LLPhant Enhanced Metadata Handling for Documents and Data Readers

This Pull Request introduces extensible metadata handling for Document objects and updates the DataReader interface and its implementation (FileDataReader) to support metadata extraction and management. The changes improve interoperability with Retrieval-Augmented Generation (RAG) workflows and provide a modular approach to embedding metadata into documents.

Key Changes

Document Class Enhancements:
- Added a metadata property to store key-value pairs of extensible metadata.
- Introduced addMetadata and toArray methods to manage and serialize metadata.
DataReader Interface:
- Added an extractMetadata method to standardize metadata extraction from document content.
FileDataReader:
- Implemented the extractMetadata method to parse and populate metadata fields from the content.
- Automatically populates metadata during the creation of Document objects.
DocumentUtils Enhancements:
- Updated utility functions to support metadata when creating documents from arrays.
- Ensured compatibility with new and existing functionality.
Tests:
- Added tests to validate metadata extraction, assignment, and serialization.
- Ensured all existing tests remain functional to maintain backward compatibility.

Benefits of This Contribution

Enhanced Metadata Support:
- Metadata (e.g., titles, categories, tags) can now be embedded into Document objects, providing rich context for document retrieval and organization.
Improved RAG Workflows:
- Metadata is critical for Retrieval-Augmented Generation (RAG) workflows, enabling:
  - Better search and filtering: Use metadata to refine searches in vector stores.
  - Increased accuracy: Improve relevance by aligning metadata with document embeddings.
  - Custom queries: Leverage metadata fields for fine-grained information retrieval.
Extensibility:
- Developers can easily add new metadata fields without modifying the core library.
- The extractMetadata method allows custom data readers to parse metadata from diverse file formats.
Backward Compatibility:
- All existing functionality remains unchanged, ensuring no breaking changes for current users.
Ease of Integration:
- Standardized metadata handling ensures smooth integration with vector stores, such as Qdrant or Pinecone.

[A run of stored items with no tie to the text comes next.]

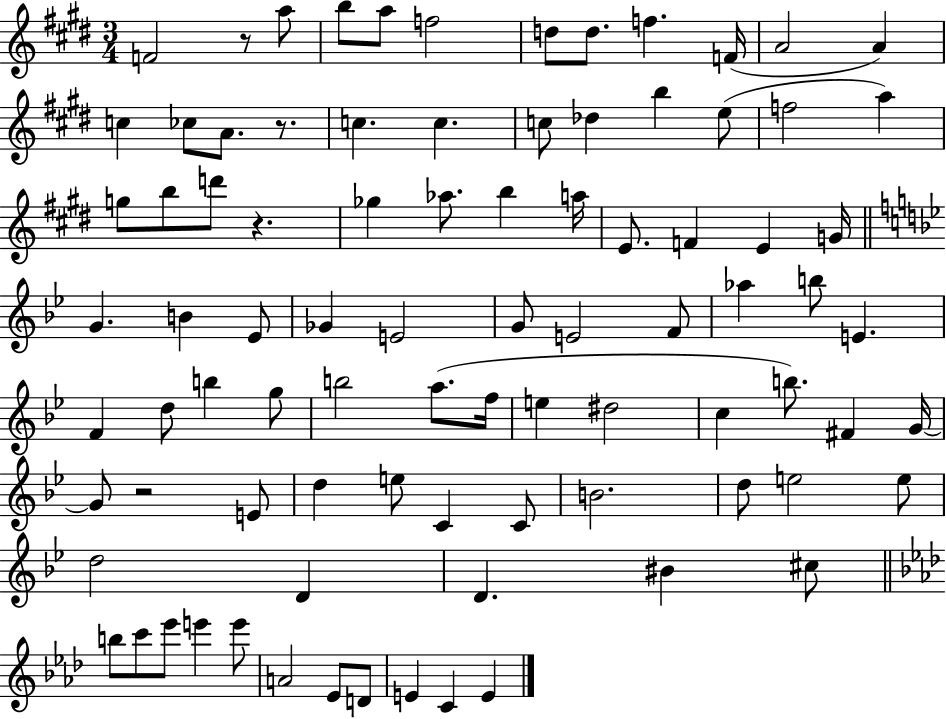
F4/h R/e A5/e B5/e A5/e F5/h D5/e D5/e. F5/q. F4/s A4/h A4/q C5/q CES5/e A4/e. R/e. C5/q. C5/q. C5/e Db5/q B5/q E5/e F5/h A5/q G5/e B5/e D6/e R/q. Gb5/q Ab5/e. B5/q A5/s E4/e. F4/q E4/q G4/s G4/q. B4/q Eb4/e Gb4/q E4/h G4/e E4/h F4/e Ab5/q B5/e E4/q. F4/q D5/e B5/q G5/e B5/h A5/e. F5/s E5/q D#5/h C5/q B5/e. F#4/q G4/s G4/e R/h E4/e D5/q E5/e C4/q C4/e B4/h. D5/e E5/h E5/e D5/h D4/q D4/q. BIS4/q C#5/e B5/e C6/e Eb6/e E6/q E6/e A4/h Eb4/e D4/e E4/q C4/q E4/q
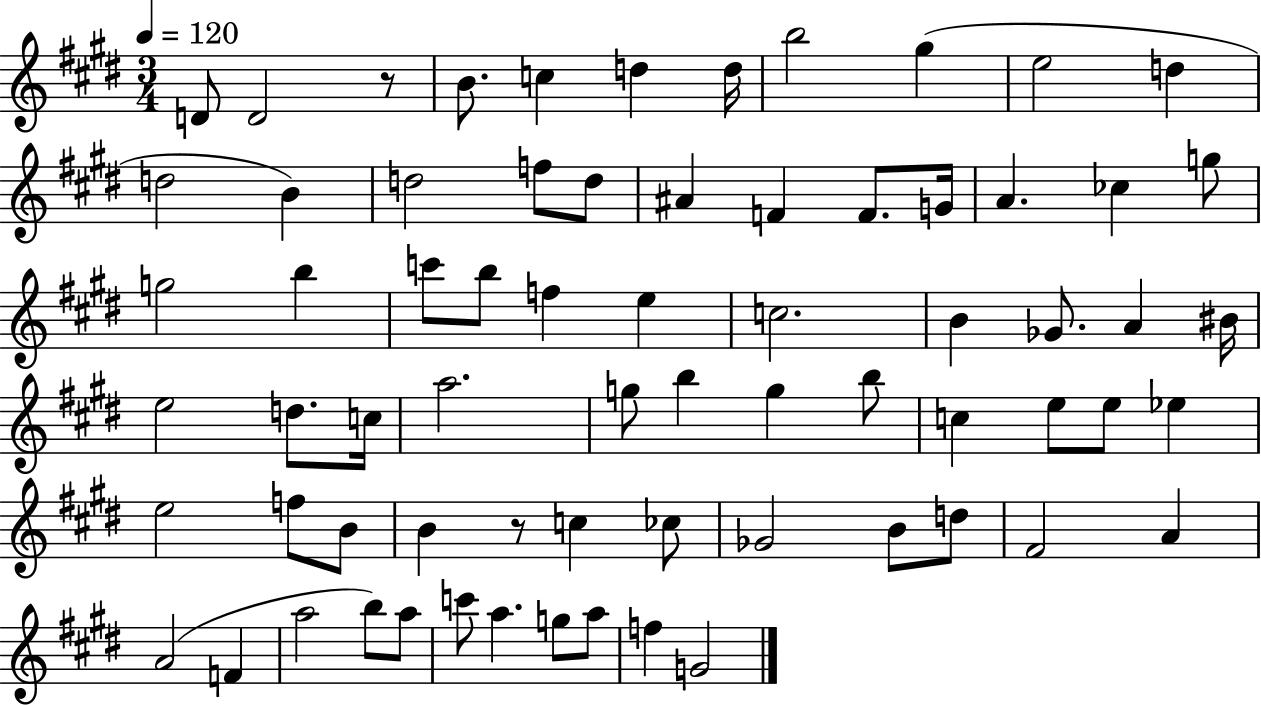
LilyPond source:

{
  \clef treble
  \numericTimeSignature
  \time 3/4
  \key e \major
  \tempo 4 = 120
  d'8 d'2 r8 | b'8. c''4 d''4 d''16 | b''2 gis''4( | e''2 d''4 | \break d''2 b'4) | d''2 f''8 d''8 | ais'4 f'4 f'8. g'16 | a'4. ces''4 g''8 | \break g''2 b''4 | c'''8 b''8 f''4 e''4 | c''2. | b'4 ges'8. a'4 bis'16 | \break e''2 d''8. c''16 | a''2. | g''8 b''4 g''4 b''8 | c''4 e''8 e''8 ees''4 | \break e''2 f''8 b'8 | b'4 r8 c''4 ces''8 | ges'2 b'8 d''8 | fis'2 a'4 | \break a'2( f'4 | a''2 b''8) a''8 | c'''8 a''4. g''8 a''8 | f''4 g'2 | \break \bar "|."
}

How to Use the Enhanced Features

1. Add Metadata in a Custom Data Reader

Implement the extractMetadata method in a custom data reader to define how metadata is parsed:

use LLPhant\Embeddings\DataReader\DataReader;
use LLPhant\Embeddings\Document;

class MyCustomDataReader implements DataReader
{
    public function getDocuments(): array
    {
        $content = "Sample document content";
        $document = new Document();
        $document->content = $content;

        // Extract and add metadata
        $metadata = $this->extractMetadata($content);
        foreach ($metadata as $key => $value) {
            $document->addMetadata($key, $value);
        }

        return [$document];
    }

    public function extractMetadata(string $content): array
    {
        // Custom metadata extraction logic
        return [
            'title' => 'Extracted Title',
            'category' => 'Extracted Category',
            // Add more metadata fields as needed
        ];
    }
}

2. Retrieve Metadata in a RAG Workflow

Use the toArray method to serialize documents with metadata:

$documents = $dataReader->getDocuments();
foreach ($documents as $document) {
    $metadata = $document->metadata;
    print_r($metadata); // Outputs: ['title' => 'Extracted Title', 'category' => 'Extracted Category']
}

3. Store Metadata in Vector Stores

Combine content and metadata for embedding in vector stores:

foreach ($documents as $document) {
    $vectorStore->upsert([
        'id' => DocumentUtils::getUniqueId($document),
        'embedding' => $document->embedding,
        'metadata' => $document->metadata,
    ]);
}

Use Cases with RAG Workflows

1. Metadata-Driven Retrieval

Scenario: Search documents by category or tags before applying semantic search on embeddings.

Query Example:

{
  "filter": {
    "category": "User Guide"
  },
  "vector": [0.12, 0.34, 0.56],
  "top_k": 5
}

2. Context-Aware Augmented Responses

Scenario: Include metadata (e.g., sourceType, title) in AI responses to provide additional context.
Example:

"The information comes from the document titled 'User Guide for Product X'."

3. Chunk-Based Metadata

Scenario: Manage individual chunks of large documents using metadata.
Implementation:
- Add a chunkNumber to metadata for better traceability and reconstruction.

Potential Enhancements

User-Defined Metadata Parsers:
- Allow users to plug in custom metadata parsing logic for different file types.
Utility Methods for Metadata Queries:
- Provide methods like findDocumentsByMetadata to simplify metadata-based retrieval.
Examples for Specific Vector Stores:
- Add documentation or examples showing integration with vector stores like Qdrant and Pinecone.

Checklist

[x] Added metadata support to Document.
[x] Updated DataReader and FileDataReader for metadata handling.
[x] Enhanced DocumentUtils for metadata compatibility.
[x] Included comprehensive tests.
[x] Validated backward compatibility.

Let me know if you need any further adjustments or additional information! 🚀

Nov 25 '24 11:11 raihan-js

Hey @raihan-js , Thanks a lot for that and sorry for the late reply. This is really good. How can I help you finish it?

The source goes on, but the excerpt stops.